So I typically speak to the flow of the case of IgG4-related sclerosing cholangitis. So basically, organs affected by this condition are typically enlarged, and in the bile duct, bile duct wall becomes very thick, as you can see here, it is mainly due to extensive fibroinflammatory process. And if you look at closely many infiltrating lymphocytes and mature lymphocytes and plasma cells, we have a lot of mature plasma cells in the inflamed area. Another important cellular element is eosinophils. We have a lot of eosinophils in a great majority of cases of histology proven IgG4-related disease.
So in terms of fibrosis, the pattern of fibrosis in this condition is unique, and it's called storiform type fibrosis. So collagen fibers are arranged regularly with slit-like spaces, and this is now called storiform type fibrosis. And storiform fibrosis is moderately specific finding for this condition. So it's always good to look for this particular pattern of fibrosis in cases of suspected IgG4-related disease.
Then the last microscopic finding which is characteristic for this condition, is obliterated phlebitis, small or medium sized veins are partly or completely obliterated by the fibroinflammatory process, as you can see in this picture.

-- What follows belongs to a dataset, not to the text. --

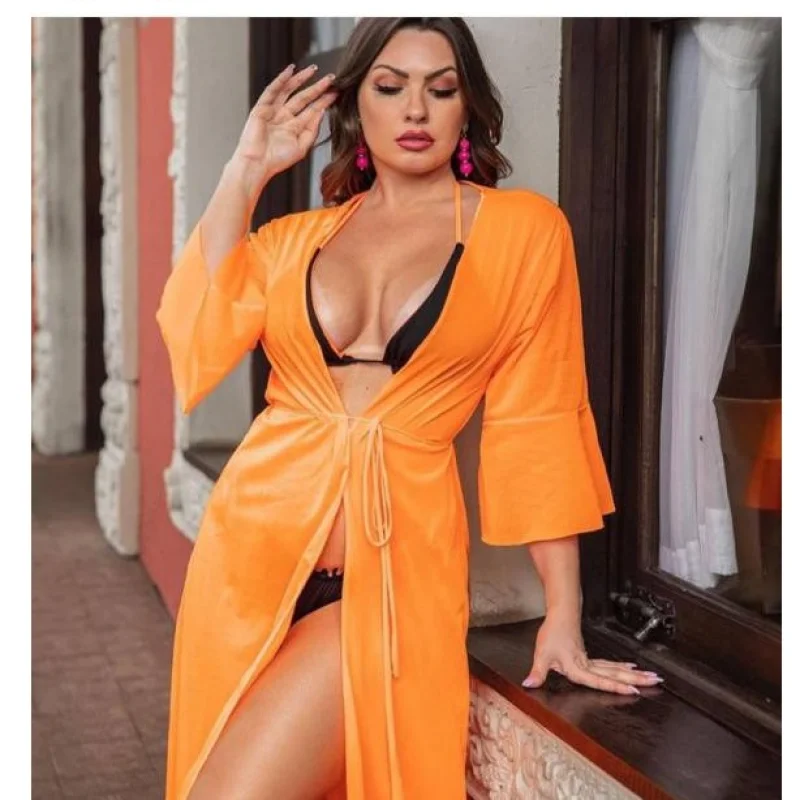 Verão Luxo Lançamento Longa Ajustável Praia Saida VERE NEON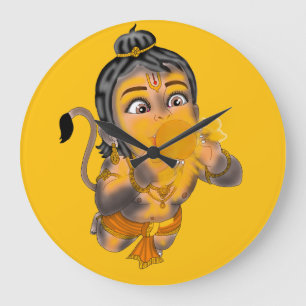 Child Hanuman Wall Clock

So what is a storiform pattern? So storiform pattern is something like straw mat-like architecture, as you can see here. Collagen fibers are arranged regularly, and we have slit-like spaces in between, and that combination gives us straw mat-like appearance. That's why we call this unique pattern fibrosis as storiform fibrosis. As I already mentioned, this is a moderately specific finding, so it's always good to look for this finding.
Obliterative phlebitis may be a little bit difficult to appreciate based on H and E stained slide, because veins are completely obliterated and entirely embedded in the adjacent connective tissue. But if elastic stain is always helpful for us to identify obliterated venous structures. As you can see here, these two cases, we have completely obliterated veins next to intact arterial branches. So this is obliterated phlebitis.
And immunostaining is also important part for the histopathological examination of IgG4-related disease. And a histological hallmark is, of course, IgG4-positive cell infiltration. And we need to prove three aspects in an IgG4-positive cell infiltration. Number one is distribution. Number two is increased number of positive cells. And the number three is ratio. So the IgG4-positive cells should be diffusely present in the inflamed area. Focal aggregates of positive cells are not typical for this condition, so diffuse distribution is really important. Therefore, we need to count IgG4-positive cells at least three different areas. Then we need to count IgG4-positive cells under high power view. And typically we have significantly increased number of IgG4-positive cells. And then the last element is ratio. We need to calculate IgG4-positive versus IgG-positive cell ratio. Therefore we need to do immunostaining for IgG4 as well as IgG. In this particular case, as you can see here, great majority of IgG-positive cells are also positive for IgG4. So the ratio is close to 100%.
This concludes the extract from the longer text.